J'ai cru qu'ils enlevaient toute trace de toi

©Karine Fléjo photographie

Un roman poignant sur l’enquête de terrain d’une journaliste sur le génocide des Tutsi au Rwanda. Avec, en filigrane, une vibrante histoire d’amour. Un joyau.

Le génocide rwandais

Sacha est une journaliste de guerre reconnue de ses pairs. Ses articles sont aussi rares qu’espérés. En ce mois d’avril 1994, la reporter de guerre se trouve au Rwanda, un pays déchiré par la guerre depuis quatre ans, entre communauté Hutu et Tutsi. Alors que les accords d’Arusha étaient censés permettre le retour des Tutsi exilés dans leur pays, le président rwandais, prêt à signer ces accords, est assassiné. Un assassinat qui donne un prétexte aux extrémistes Hutu pour lancer un génocide contre la communauté Tutsi.

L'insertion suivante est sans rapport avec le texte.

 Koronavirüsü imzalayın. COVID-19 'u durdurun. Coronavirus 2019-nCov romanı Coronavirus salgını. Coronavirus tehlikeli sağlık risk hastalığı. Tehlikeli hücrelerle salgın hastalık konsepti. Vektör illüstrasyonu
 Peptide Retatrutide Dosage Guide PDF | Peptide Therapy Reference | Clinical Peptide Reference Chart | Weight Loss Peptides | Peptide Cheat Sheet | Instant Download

Sur place pour se faire l’écho des tensions, Sacha parcourt le pays à bord d’une jeep de la Croix-Rouge, avec à son bord, Daniel, médecin. Médecin et Tutsi. Ce dernier a laissé sa femme et son jeune fils seuls à la maison, avant que la guerre ne s’envenime et est sans nouvelles d’eux ces derniers temps. Son objectif : les retrouver au plus vite. Et surtout : les retrouver vivants.

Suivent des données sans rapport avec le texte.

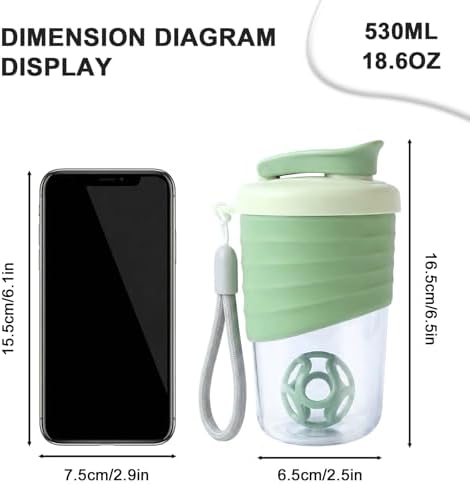 X SIM FITNESSX 530ML Protein Shaker Bottle, Small Portable Mixer Cup, BPA Free (light Green) - Image 3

De son côté, Rose, la femme de Daniel, est complètement perdue. Ces voisins, qu’elle a connus toute petite, qui venaient jouer avec elle, et qui, adultes, sont venus partager des repas à la maison, sont aujourd’hui des êtres haineux et prêts à tuer. A la tuer. Sa faute ? Appartenir à la communauté Tutsi et non Hutu comme eux. Alors elle a peur, se cache avec son enfant dans l’attente du retour de son mari. Elle lui écrit des lettres d’une déchirante beauté, sur ce qu’ils ont vécu, sur leur pays qu’elle aime tant, leur amour, la sérénité envolée de leur vie, sur ses peurs et ses incompréhensions de ce monde devenu fou.

Sacha et Daniel arriveront-ils à temps ? L’horreur de la guerre les précédera-t-elle ?

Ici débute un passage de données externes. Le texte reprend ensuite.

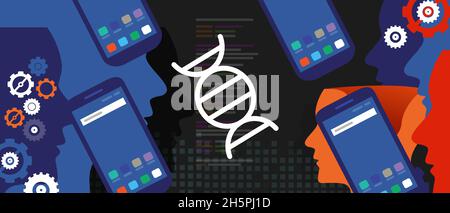 DNA genome gene technology in digital smartphone mobile tech programming coding Stock Vector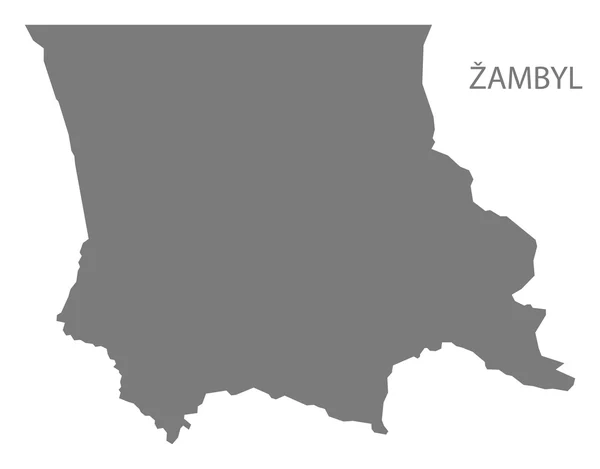 Zambyl Kazajstán Mapa gris — Archivo Imágenes Vectoriales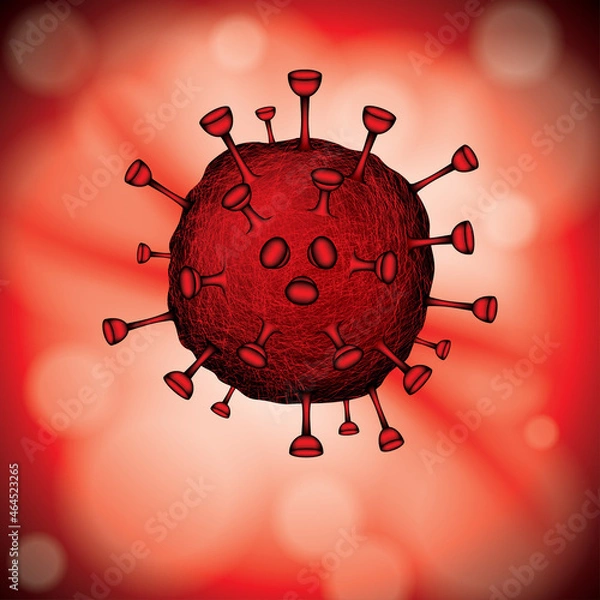 Fototapeta Vector illustration of Coronavirus on a blurry red background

Une histoire d’amour vibrante

Ce roman sur le génocide rwandais aurait été bien sombre et difficilement soutenable, s’il n’y avait eu cette magnifique histoire d’amour entre Rose, jeune femme muette et Daniel. L’auteure nous offre une respiration salvatrice grâce aux lettres de Rose et aux fleurs que Daniel grave sur les arbres et la pierre à chacun de ses passages pour faire savoir à Rose qu’il la cherche. Des inserts lumineux, émouvants, qui montre combien l’homme peut aussi être capable du meilleur. Un amour intense, auquel le temps n’a pas dessiné de rides, qui redonne foi en l’être humain tandis que le pays se déchire. On dénombre plus de 800 000 morts en trois mois en ce printemps 1994. 800 000 êtres exécutés à la machette pour être nés dans une communauté différente de celle de l’ethnie dominante…

Un roman qui rappelle, si besoin était, combien l’homme peut être un loup pour l’homme. Un devoir de mémoire, pour éviter que la vie ne soit qu’une sombre répétition d’horreurs passées. Et un couple, Daniel et Rose, que l’on ne peut pas oublier une fois le livre fermé…

Informations pratiques

J’ai cru qu’ils enlevaient toute trace de toi, Yoan Smadja – Editions Pocket, janvier 2020 – 270 pages.

Ce livre a reçu le Prix Honoré de Balzac et le Prix de la ville de Tours.